Side-by-side comparison of two perpetual futures exchanges — updated in real time.
Hyperliquid and SynFutures represent opposing philosophies in perp DEX design. Hyperliquid runs a traditional orderbook on its L1, while SynFutures uses an innovative Oyster AMM with concentrated liquidity on Base.
Hyperliquid's orderbook model on Hyperliquid L1 provides 190 markets with organic price discovery, 0.015% maker and 0.045% taker fees, and up to 50x leverage. SynFutures takes a radically different approach with its Oyster AMM, allowing permissionless market creation and concentrated liquidity provision.
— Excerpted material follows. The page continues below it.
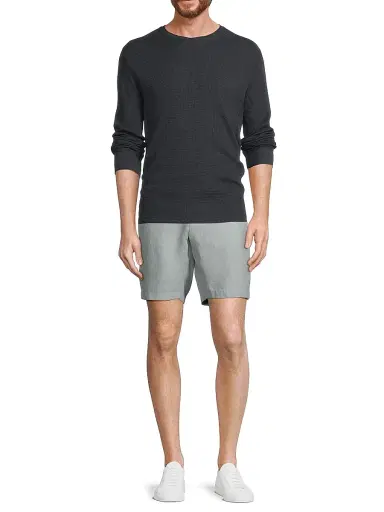 Vince Men's Thermal Crewneck Long-Sleeve T-Shirt - Coastal - Size XXL | Thumbnail 2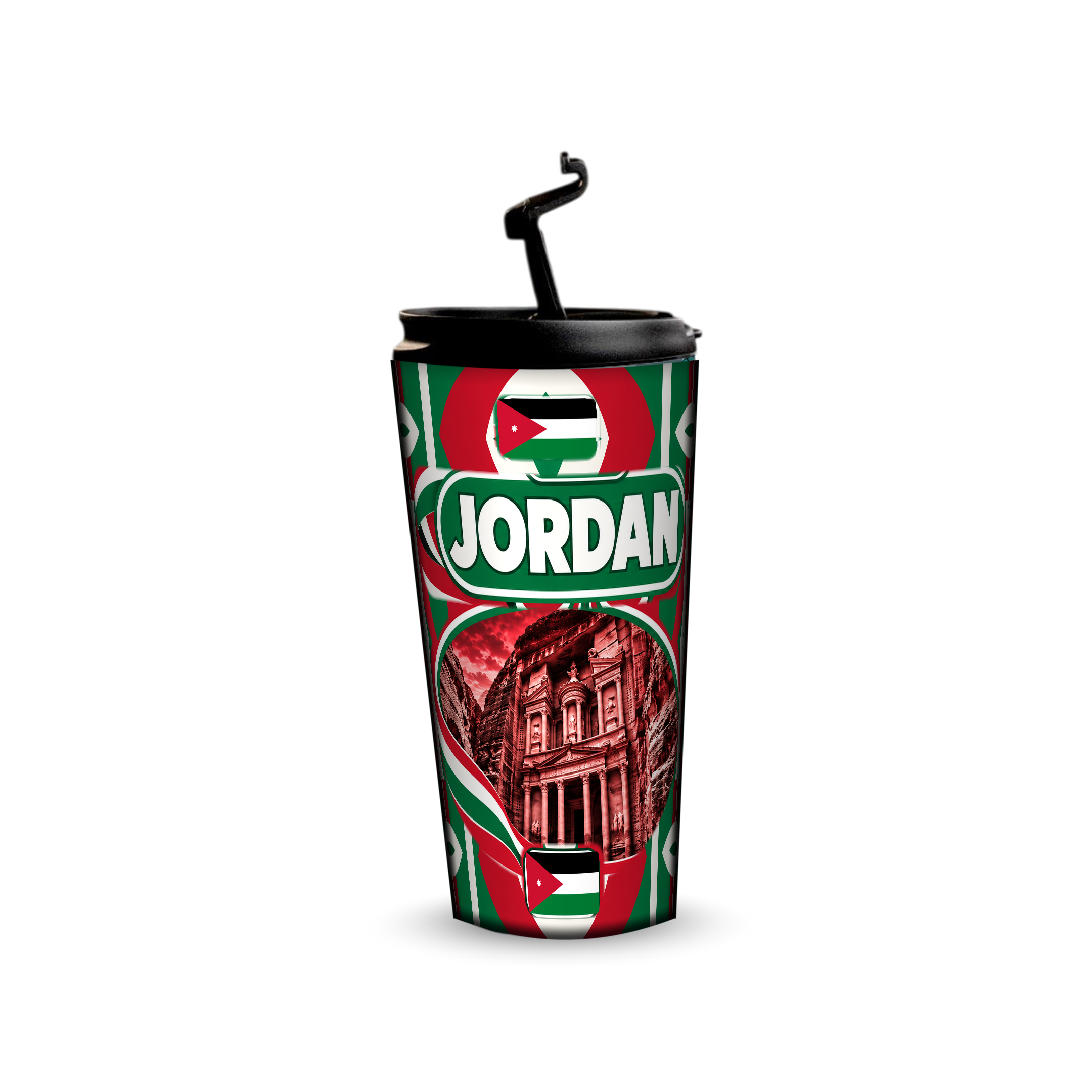 Jordan 480ml tumbler with reusable straw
This model has enabled SynFutures to list 280 markets — significantly more than Hyperliquid — and accumulate over $75B in cumulative volume. SynFutures charges 0% maker fees and 0.05% taker fee, offering better rates for limit orders. Both platforms use USDC as collateral and 1-hour funding intervals. SynFutures operates on Base, giving it access to Coinbase's growing L2 ecosystem. Its F token, backed by Pantera Capital and Polychain Capital, launched in December 2024. SynFutures' permissionless market creation means anyone can list new trading pairs, which has driven its rapid market expansion but may result in lower liquidity on long-tail pairs.
Choose Hyperliquid if you prefer orderbook-style trading with deep liquidity on established pairs. Choose SynFutures if you want access to more exotic markets (280 vs 190), free maker fees, or are interested in providing concentrated liquidity through the Oyster AMM.